Os maiores desafios que as empresas deste setor enfrentam durante esses períodos, incluem: planejamento e logística, manutenção da qualidade, escalabilidade, mão de obra sazonal, marketing e promoção, gestão de resíduos e sustentabilidade, adaptações a tendências e preferências do consumidor, gerenciamento de riscos e imprevistos, regulamentações e conformidade, gestão financeira, dentre outros.
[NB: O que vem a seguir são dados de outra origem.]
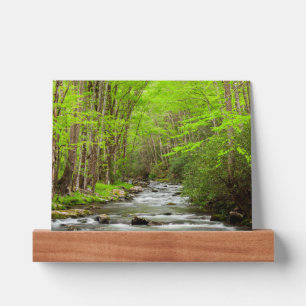 Great Smoky Mountains National Park North Carolina Picture Ledge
Neste artigo, o ponto de reflexão são os desafios com a mão de obra sazonal, geralmente sanada através da contratação de trabalhadores temporários, o que gera grandes dúvidas e faz, inclusive, com que este modelo de contratação seja confundido com outros. Desta forma, é importante que as empresas fiquem atentas às diretrizes legais e saibam suas principais regras, a fim de evitar falhas e eventuais penalizações.
O contrato de trabalho temporário é um tipo de contratação com um prazo de duração estabelecido, assim, o vínculo entre empregado e empregador não é permanente. É uma exceção à regra vigente no Direito do Trabalho, em que o tempo do vínculo laboral é indeterminado.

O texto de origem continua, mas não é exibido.